Could you print the stretch of lines below from the one with "Store D206330S 12" through the one with "Эффектная и впечатляющая декоративная трава.", exactly as they stand and without any pictures?

▶ **Available records**:
....................

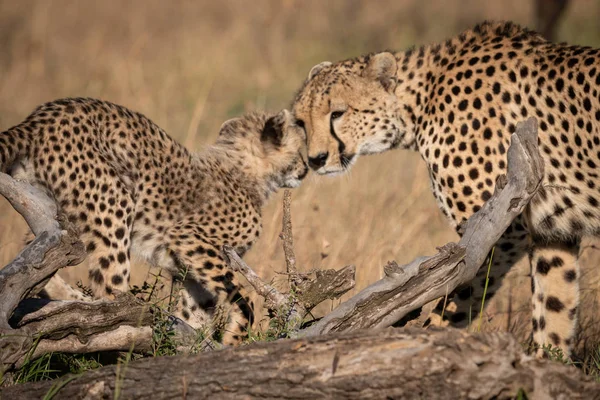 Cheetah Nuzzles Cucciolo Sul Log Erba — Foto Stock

....................

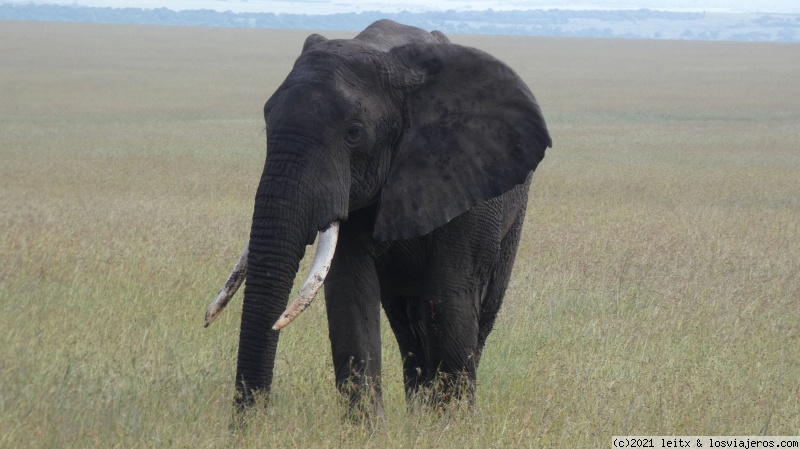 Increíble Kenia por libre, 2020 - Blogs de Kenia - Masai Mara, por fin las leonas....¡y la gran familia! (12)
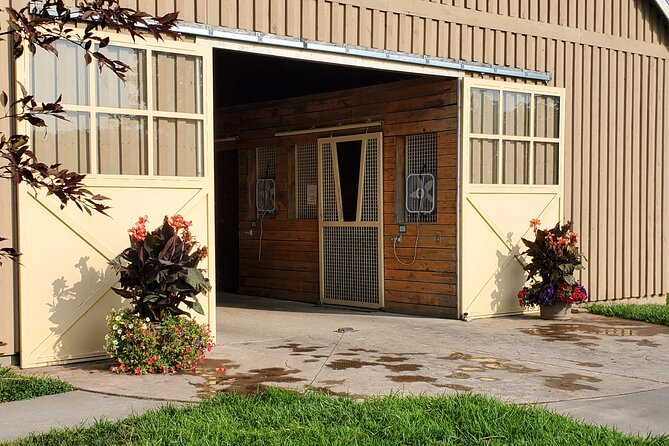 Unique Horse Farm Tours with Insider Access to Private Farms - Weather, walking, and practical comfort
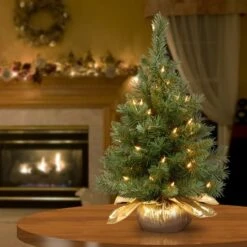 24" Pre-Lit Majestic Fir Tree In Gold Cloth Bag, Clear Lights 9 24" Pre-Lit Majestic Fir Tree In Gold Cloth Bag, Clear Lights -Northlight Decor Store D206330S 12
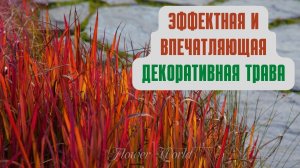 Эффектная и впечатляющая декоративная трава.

....................

▶ **Answer for this exercise**:
 24" Pre-Lit Majestic Fir Tree In Gold Cloth Bag, Clear Lights 9 24" Pre-Lit Majestic Fir Tree In Gold Cloth Bag, Clear Lights -Northlight Decor Store D206330S 12
 Эффектная и впечатляющая декоративная трава.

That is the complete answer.